In addition, under conditions of cerebral hypoxia, a synergistic pharmacological effect was obtained by the association of quercetin administration with the transplantation of human umbilical cord mesenchymal stromal cells (HUMSCs) [48]. In this study, treatment with quercetin and HUMSCs reduced cellular apoptosis and the synthesis of inflammatory mediators (IL-1β and IL-6), while favoring the synthesis of anti-inflammatory cytokines (IL-4, IL-10, and TGF-β1).
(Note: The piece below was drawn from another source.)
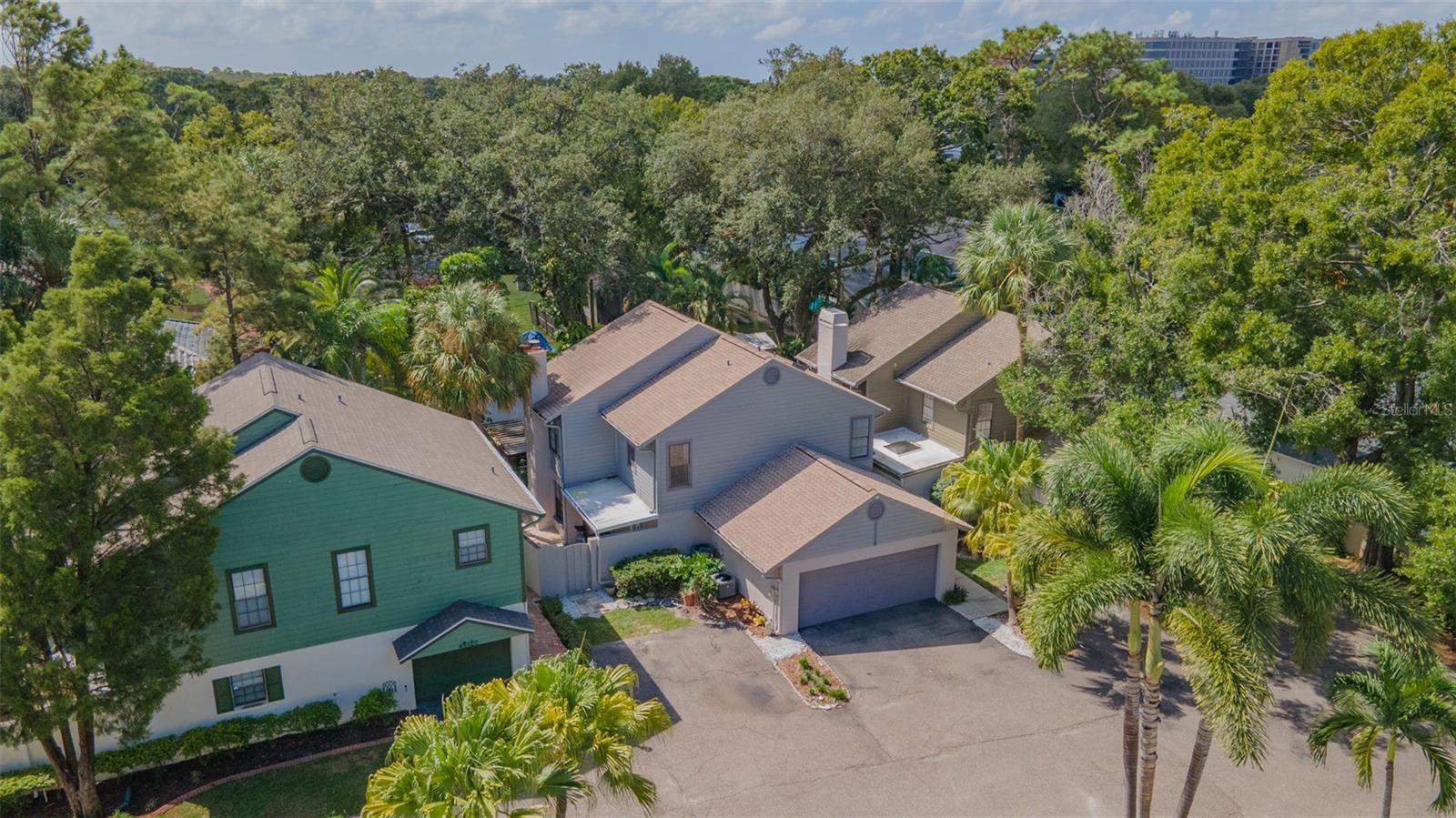 BRETTON WOODS AT WESTSHORE A C - Residential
Additionally, the combined treatment favored the survival of HUMSCs at the site of injury and promoted an improvement in the recovery of neurological functions [48]. In LPS-induced animal models, quercetin administration reduced ROS production and the synthesis of inflammatory mediators (Il-1β, TNF-α, and COX-2), minimizing neurotoxicity and neurodegeneration, in addition to improving memory function [38,49]. Similar results were obtained in studies that used quercetin to treat animals with neurodegenerative or metabolic diseases. In rotenone-induced parkinsonian rats, quercetin minimized neurological deficits and downregulated the expression of inflammatory mediators, such as Il-1β, TNF-α, and NF-kB [50]. Similarly, an inhibition of inflammatory mediator synthesis (Il-1β and TNF-α) was obtained in diabetic peripheral neuropathy animal model treated with quercetin [51]. Other in vivo studies have also reported that the administration of quercetin promoted a beneficial effect by alleviating neuropathic pain [52,53,54,55].
In general, in several studies conducted with animal models, quercetin has shown beneficial effects on the microenvironment of nervous tissue, modulating the inflammatory response, and minimizing oxidative stress, cell apoptosis and neurodegenerative disorders, in addition to alleviating neuropathic pain.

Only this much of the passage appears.